■ ASSIGNED TASK:
Retype the listing below line for line, but only from the line with "Adidas Blue Essentials" down to the line with "Vintage Pair of", inclusive. Pictures stay out.

■ RECORDS FOR THE EXERCISE:
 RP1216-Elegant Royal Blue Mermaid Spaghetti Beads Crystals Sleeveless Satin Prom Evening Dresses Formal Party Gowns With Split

* * *

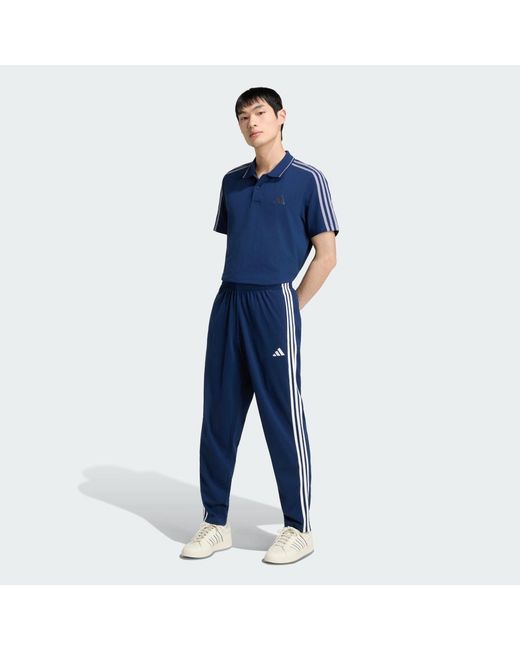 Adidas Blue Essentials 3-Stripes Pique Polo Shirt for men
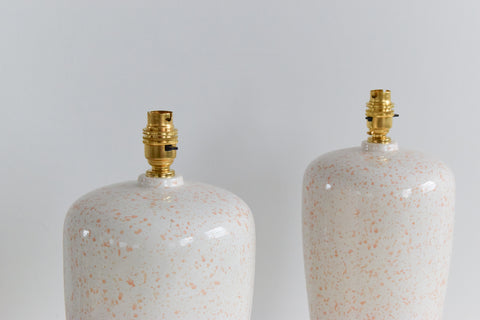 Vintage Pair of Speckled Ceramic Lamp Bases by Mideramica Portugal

...

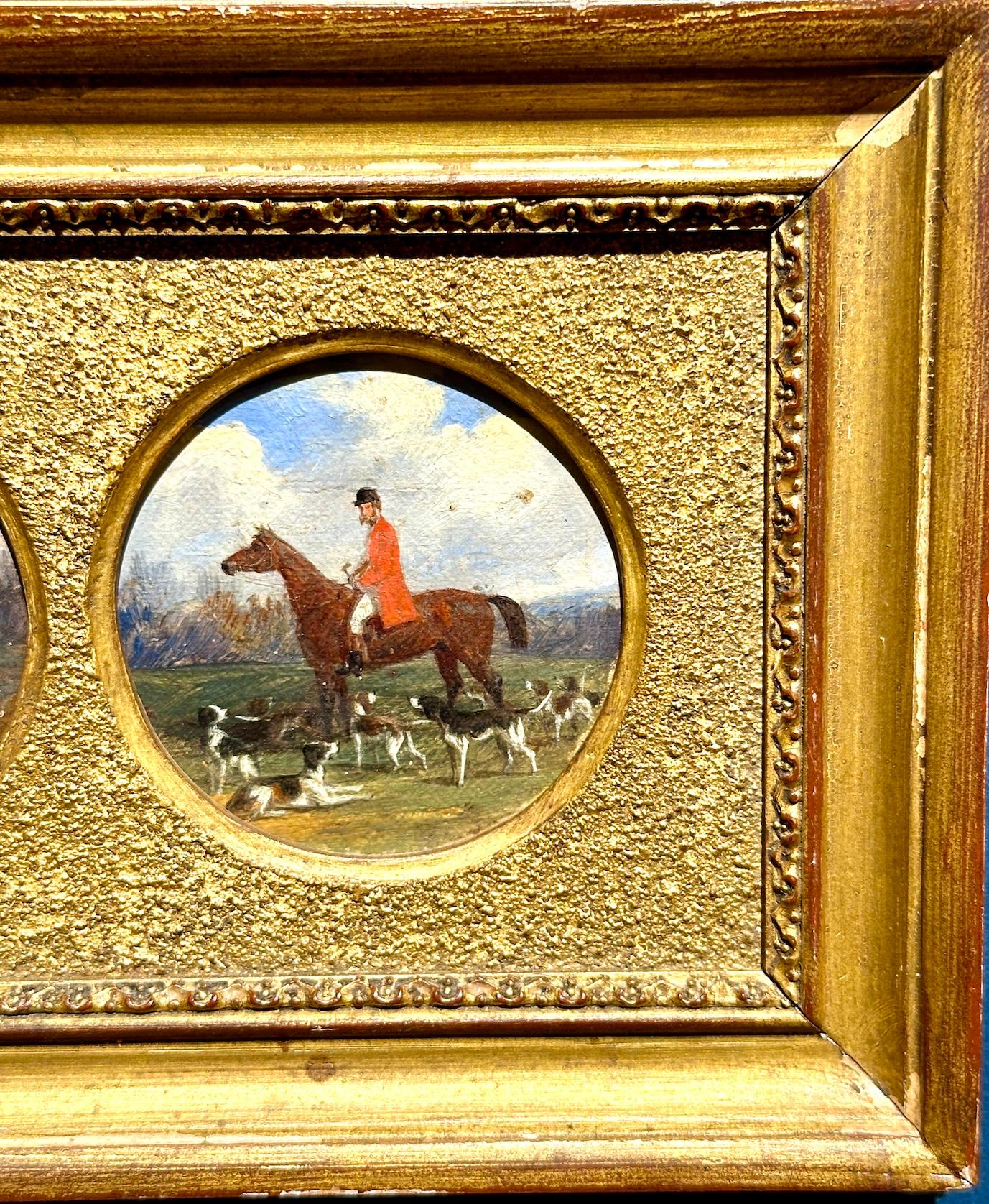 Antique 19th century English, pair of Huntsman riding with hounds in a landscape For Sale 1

■ EXERCISE SOLUTION:
 Adidas Blue Essentials 3-Stripes Pique Polo Shirt for men
 Vintage Pair of Speckled Ceramic Lamp Bases by Mideramica Portugal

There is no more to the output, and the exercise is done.